• Records for this task:
★ ★ ★ ★ ★

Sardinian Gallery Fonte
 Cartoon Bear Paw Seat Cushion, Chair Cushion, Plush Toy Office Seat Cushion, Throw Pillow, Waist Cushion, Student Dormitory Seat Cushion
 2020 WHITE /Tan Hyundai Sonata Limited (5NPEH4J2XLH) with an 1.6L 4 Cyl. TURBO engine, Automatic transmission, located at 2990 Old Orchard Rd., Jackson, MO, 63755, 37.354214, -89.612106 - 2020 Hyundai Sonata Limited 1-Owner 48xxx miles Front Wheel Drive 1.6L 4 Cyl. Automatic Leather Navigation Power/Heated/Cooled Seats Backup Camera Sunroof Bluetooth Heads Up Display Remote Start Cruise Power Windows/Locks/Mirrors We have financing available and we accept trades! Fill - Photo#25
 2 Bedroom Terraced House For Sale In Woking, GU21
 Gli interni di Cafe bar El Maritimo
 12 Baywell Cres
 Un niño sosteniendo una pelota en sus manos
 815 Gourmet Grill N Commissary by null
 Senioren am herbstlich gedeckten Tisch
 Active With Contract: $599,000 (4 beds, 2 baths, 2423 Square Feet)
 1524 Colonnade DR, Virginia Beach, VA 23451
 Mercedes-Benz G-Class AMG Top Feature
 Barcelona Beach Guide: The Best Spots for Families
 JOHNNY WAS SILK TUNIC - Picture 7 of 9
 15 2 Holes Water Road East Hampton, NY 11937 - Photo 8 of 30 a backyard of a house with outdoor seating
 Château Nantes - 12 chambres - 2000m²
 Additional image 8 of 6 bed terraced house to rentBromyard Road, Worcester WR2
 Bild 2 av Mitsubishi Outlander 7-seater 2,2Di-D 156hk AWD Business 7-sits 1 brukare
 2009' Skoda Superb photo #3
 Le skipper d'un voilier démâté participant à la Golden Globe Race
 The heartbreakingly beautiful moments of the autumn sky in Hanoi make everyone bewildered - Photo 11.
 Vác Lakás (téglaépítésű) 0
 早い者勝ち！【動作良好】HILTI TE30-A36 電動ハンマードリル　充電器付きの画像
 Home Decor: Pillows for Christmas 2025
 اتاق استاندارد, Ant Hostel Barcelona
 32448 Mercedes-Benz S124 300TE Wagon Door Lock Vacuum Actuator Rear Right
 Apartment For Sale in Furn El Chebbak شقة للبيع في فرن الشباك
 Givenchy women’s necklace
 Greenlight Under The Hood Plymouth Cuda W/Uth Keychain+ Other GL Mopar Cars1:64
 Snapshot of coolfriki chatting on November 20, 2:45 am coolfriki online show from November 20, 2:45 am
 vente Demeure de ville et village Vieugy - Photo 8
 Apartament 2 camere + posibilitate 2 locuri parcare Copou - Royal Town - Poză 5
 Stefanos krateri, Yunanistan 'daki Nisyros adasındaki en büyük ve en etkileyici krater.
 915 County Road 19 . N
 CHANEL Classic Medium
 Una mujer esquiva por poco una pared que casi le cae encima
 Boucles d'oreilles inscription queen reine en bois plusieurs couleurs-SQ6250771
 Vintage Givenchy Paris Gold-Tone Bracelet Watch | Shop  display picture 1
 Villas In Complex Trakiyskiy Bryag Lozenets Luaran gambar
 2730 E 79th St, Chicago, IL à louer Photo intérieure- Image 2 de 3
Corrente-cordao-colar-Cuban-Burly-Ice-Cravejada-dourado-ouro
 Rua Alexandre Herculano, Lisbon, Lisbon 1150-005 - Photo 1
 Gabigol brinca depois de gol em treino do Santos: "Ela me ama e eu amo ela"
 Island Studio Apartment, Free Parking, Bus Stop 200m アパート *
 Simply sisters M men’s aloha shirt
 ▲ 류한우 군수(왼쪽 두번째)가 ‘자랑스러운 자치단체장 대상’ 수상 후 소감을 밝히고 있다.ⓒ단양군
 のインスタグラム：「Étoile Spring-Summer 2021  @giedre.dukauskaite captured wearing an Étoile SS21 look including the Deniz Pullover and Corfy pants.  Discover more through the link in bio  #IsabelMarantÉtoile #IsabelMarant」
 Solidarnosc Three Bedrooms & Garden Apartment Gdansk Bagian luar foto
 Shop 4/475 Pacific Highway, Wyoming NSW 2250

★ ★ ★ ★ ★

• Problem statement:
Only the lines from the first line of the records through the line with "Givenchy women’s necklace" should be reproduced, exactly and with nothing added.

• Task output:
Sardinian Gallery Fonte
 Cartoon Bear Paw Seat Cushion, Chair Cushion, Plush Toy Office Seat Cushion, Throw Pillow, Waist Cushion, Student Dormitory Seat Cushion
 2020 WHITE /Tan Hyundai Sonata Limited (5NPEH4J2XLH) with an 1.6L 4 Cyl. TURBO engine, Automatic transmission, located at 2990 Old Orchard Rd., Jackson, MO, 63755, 37.354214, -89.612106 - 2020 Hyundai Sonata Limited 1-Owner 48xxx miles Front Wheel Drive 1.6L 4 Cyl. Automatic Leather Navigation Power/Heated/Cooled Seats Backup Camera Sunroof Bluetooth Heads Up Display Remote Start Cruise Power Windows/Locks/Mirrors We have financing available and we accept trades! Fill - Photo#25
 2 Bedroom Terraced House For Sale In Woking, GU21
 Gli interni di Cafe bar El Maritimo
 12 Baywell Cres
 Un niño sosteniendo una pelota en sus manos
 815 Gourmet Grill N Commissary by null
 Senioren am herbstlich gedeckten Tisch
 Active With Contract: $599,000 (4 beds, 2 baths, 2423 Square Feet)
 1524 Colonnade DR, Virginia Beach, VA 23451
 Mercedes-Benz G-Class AMG Top Feature
 Barcelona Beach Guide: The Best Spots for Families
 JOHNNY WAS SILK TUNIC - Picture 7 of 9
 15 2 Holes Water Road East Hampton, NY 11937 - Photo 8 of 30 a backyard of a house with outdoor seating
 Château Nantes - 12 chambres - 2000m²
 Additional image 8 of 6 bed terraced house to rentBromyard Road, Worcester WR2
 Bild 2 av Mitsubishi Outlander 7-seater 2,2Di-D 156hk AWD Business 7-sits 1 brukare
 2009' Skoda Superb photo #3
 Le skipper d'un voilier démâté participant à la Golden Globe Race
 The heartbreakingly beautiful moments of the autumn sky in Hanoi make everyone bewildered - Photo 11.
 Vác Lakás (téglaépítésű) 0
 早い者勝ち！【動作良好】HILTI TE30-A36 電動ハンマードリル　充電器付きの画像
 Home Decor: Pillows for Christmas 2025
 اتاق استاندارد, Ant Hostel Barcelona
 32448 Mercedes-Benz S124 300TE Wagon Door Lock Vacuum Actuator Rear Right
 Apartment For Sale in Furn El Chebbak شقة للبيع في فرن الشباك
 Givenchy women’s necklace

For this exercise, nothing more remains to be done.